Andra mengangguk, bisa ia tarik kesimpulan di mana dirinya lah yang terlalu takut hingga semua hal yang seharusnya mudah menjadu rumit, termasuk niatnya berubah bersama Amel, ada ketakutan di sana kala Amel terganggu dengan larangannya, jadi sampai detik ini mereka masih sama-sama berjalan di sisi yang gelap.

***

"Jadi, tidak jadi ditarik surat pengajuan nikahnya ya ... Tapi, kalian menikah minggu depan, ada slot kosong di sana dan keluarga sudah siap datang ke sini."

Keputusan akan pernikahan itu akhirnya terketuk resmi juga, baik Jingga maupun Andra sama-sama merasa berat karena rumah tangga tak semudah pelafalannya.

Tapi, malam itu Andra sepakat bergandengan tangan dengan Jingga, tangan kecil itu yang nantinya akan menjadi penopang dan perisainya dari segala ketamakan akan dunia yang kelam dan melilitnya.

Walau cinta belum ada dan masih terbelit di hati wanita lain, Andra mencobanya melangkah sekali lagi.

Bila dengan Amel tidak membuatnya berhenti, semoga dengan Jingga ia bisa berhenti meskipun perlahan.

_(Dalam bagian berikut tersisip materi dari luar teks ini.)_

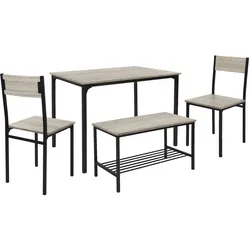 ML-Design 4-teilig Esstisch Set Essgruppe Küche Esszimmer Stühle Bank Tisch Möbel Modern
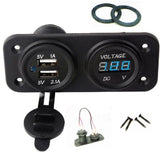 New USB 3.1 Amp Charger and Voltmeter Panel Mount Marine 12 V Motorcycle Outlet - 12-vtechnology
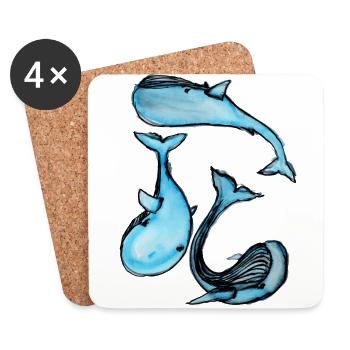 whale - Coasters (set of 4) - white - Front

"Yang mau jadi penganten, udah luluran belum lo, Ndra?" Syai tepuk bahu temannya itu.

"Luluran apaan? Boro-boro, urusin klarifikasi aja pegel gue. Lo jangan teledor, bisa kenak media lo!"

"Eh, gue nggak kayak lo, gila! Lo terlalu tahu, Ndra. Tapi, nggak apa lo dapet Jingga, kan ... kali aja dia bisa bikin lo tobat, ahahahahah."

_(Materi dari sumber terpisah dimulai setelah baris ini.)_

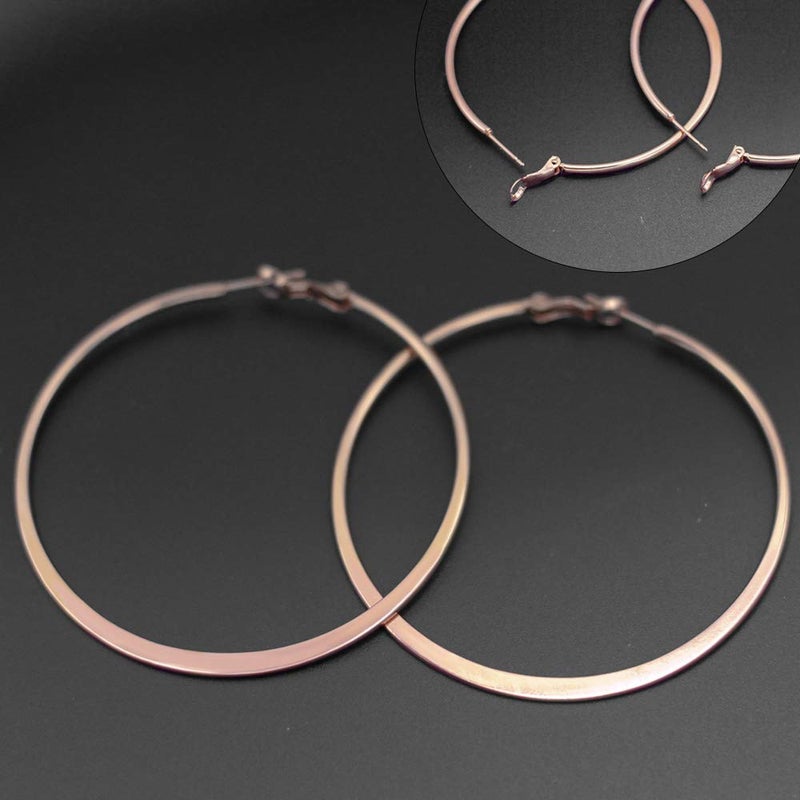 Liffly Gold Hoop Earrings Stainless Steel Earrings for Women 2.36" Simple Hoops Flatten 18K Rose Gold Plated Black Silver Earrings - Image 4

"Nggak masalahnya itu, gue nggak kebayang kalau ketemu Amel lagi nanti, dia kan gitu kalau ngambek pergi, entar balik. Gue harus gimana?" Andra tak sampai hati menghancurkan puing yang sedang diperbaiki bersama kali ini, entah itu perusahaan atau keluarga atau mungkin hati Jingga.

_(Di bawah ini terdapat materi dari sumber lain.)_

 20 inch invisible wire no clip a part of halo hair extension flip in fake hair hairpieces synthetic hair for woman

"Huuh, berat sih. Kalau saran gue, udah lo kan nikah, ya sama bini lo aja lah. Maksud gue sama Jingga aja, gimana caranya suka sama dia, gimana caranya lo lampiasin aja sama dia, entar kebiasa sendiri!"

"Kasihan dong jadi pelampiasan!" Andra jitak kepala temannya itu.

"Maksud gue, ehem ... jadi, kayak orang ceramah nih gue. Misal lo lihat cewek cakep di luar, terus lo pengen, pulang aja, gulat sama Jingga. Terus lihat minuman, lo pengen, pulang aja ajak Jingga bikin es. Kalau sama Amel juga gitu, lo deg-degan nih, pulang aja atau hubungin Jingga, semua libatin dia deh!" jelas Syai. "Entar lama-lama lo kebiasa, lagian ini semua buat nyokap lo, kan? Semangat dong lo dikasih jodoh baik, gue belum dapet malah, hilangin deh otak ribet lo itu, mikir nggak bener aja lo!"

"Emang lo bakal berubah juga?"

"Yaiyalah, lo mau gue mati kayak di film azab apa, gila lo!" balas Syai berkacak pinggang.